▸ **Stored items**
[Start of section]
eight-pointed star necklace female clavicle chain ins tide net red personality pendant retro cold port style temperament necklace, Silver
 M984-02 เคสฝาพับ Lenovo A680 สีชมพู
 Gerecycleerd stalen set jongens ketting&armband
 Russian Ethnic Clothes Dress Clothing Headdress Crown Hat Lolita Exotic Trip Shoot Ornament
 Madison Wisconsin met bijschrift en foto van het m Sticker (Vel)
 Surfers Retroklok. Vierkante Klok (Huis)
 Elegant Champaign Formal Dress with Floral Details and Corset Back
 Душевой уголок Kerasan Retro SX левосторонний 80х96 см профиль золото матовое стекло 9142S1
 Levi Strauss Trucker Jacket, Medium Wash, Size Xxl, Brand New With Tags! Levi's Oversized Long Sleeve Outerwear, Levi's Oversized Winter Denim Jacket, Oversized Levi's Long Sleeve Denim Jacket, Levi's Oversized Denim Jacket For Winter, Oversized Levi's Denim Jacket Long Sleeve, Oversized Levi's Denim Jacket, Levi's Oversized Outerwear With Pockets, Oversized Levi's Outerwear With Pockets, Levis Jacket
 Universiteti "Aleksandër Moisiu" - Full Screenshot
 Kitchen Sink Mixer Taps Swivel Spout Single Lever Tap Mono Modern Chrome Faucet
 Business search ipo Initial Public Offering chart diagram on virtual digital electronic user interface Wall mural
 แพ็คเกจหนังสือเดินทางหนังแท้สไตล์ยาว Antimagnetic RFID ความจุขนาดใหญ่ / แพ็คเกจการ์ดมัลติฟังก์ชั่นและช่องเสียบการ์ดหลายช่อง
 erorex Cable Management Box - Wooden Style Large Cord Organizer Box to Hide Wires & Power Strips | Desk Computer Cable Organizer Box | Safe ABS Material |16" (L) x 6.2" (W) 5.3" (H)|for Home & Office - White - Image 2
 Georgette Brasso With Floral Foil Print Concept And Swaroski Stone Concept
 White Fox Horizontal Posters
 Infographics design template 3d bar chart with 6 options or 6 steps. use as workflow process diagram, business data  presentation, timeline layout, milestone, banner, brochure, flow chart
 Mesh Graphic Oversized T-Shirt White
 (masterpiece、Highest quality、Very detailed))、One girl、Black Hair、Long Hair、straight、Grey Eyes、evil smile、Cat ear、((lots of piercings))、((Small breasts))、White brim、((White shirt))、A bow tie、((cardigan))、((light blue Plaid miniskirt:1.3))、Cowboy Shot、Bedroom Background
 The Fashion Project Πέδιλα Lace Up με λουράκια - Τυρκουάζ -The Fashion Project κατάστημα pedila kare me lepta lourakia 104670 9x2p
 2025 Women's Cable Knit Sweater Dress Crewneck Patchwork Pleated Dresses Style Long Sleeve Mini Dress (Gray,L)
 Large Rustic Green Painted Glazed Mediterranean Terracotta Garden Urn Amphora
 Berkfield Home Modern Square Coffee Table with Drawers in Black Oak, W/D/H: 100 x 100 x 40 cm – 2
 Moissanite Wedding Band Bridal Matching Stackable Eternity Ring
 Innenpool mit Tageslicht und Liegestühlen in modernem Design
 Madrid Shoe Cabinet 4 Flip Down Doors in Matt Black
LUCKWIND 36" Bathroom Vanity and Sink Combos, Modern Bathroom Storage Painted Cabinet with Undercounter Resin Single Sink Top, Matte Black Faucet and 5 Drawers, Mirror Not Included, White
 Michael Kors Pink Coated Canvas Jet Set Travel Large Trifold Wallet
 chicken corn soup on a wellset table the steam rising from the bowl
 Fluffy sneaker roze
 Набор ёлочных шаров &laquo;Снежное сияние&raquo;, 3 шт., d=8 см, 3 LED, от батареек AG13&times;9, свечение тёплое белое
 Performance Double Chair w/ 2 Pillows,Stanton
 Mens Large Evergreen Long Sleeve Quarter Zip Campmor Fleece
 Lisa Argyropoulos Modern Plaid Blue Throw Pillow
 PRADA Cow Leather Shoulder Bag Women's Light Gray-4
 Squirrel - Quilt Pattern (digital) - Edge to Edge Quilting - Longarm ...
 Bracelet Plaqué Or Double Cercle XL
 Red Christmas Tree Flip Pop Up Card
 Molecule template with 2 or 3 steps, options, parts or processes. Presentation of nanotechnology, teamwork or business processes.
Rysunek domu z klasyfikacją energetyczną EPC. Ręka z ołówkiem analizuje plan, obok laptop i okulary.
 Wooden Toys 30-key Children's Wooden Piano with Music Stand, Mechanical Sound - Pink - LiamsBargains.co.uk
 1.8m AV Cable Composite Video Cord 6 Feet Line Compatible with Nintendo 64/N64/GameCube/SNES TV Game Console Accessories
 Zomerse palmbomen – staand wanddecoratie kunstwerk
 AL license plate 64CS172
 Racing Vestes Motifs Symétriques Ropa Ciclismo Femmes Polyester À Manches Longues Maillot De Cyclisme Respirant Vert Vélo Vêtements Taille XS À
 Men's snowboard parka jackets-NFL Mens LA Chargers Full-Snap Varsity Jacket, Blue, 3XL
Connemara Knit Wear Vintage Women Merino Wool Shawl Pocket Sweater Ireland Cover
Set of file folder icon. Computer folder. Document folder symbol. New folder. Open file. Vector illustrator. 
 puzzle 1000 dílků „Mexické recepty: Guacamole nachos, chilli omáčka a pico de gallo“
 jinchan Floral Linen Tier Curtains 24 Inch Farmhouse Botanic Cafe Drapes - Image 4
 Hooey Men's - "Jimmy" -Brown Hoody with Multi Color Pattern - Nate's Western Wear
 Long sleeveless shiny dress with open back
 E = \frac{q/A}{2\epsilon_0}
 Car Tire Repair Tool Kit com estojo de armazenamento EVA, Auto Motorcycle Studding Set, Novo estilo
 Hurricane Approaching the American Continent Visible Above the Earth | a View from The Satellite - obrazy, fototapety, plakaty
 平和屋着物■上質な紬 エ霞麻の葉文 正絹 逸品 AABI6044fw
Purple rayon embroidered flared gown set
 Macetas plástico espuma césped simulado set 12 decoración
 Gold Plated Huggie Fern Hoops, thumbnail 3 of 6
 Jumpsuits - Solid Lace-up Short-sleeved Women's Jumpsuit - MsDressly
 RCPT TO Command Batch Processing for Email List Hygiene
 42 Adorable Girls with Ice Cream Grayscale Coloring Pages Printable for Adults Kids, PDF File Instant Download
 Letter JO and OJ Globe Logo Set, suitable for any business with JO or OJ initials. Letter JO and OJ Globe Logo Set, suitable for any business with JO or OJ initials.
[End of section]
Show each line of the records above containing "from".

▸ **SOLUTION TO THIS PROBLEM**
 chicken corn soup on a wellset table the steam rising from the bowl
 Hurricane Approaching the American Continent Visible Above the Earth | a View from The Satellite - obrazy, fototapety, plakaty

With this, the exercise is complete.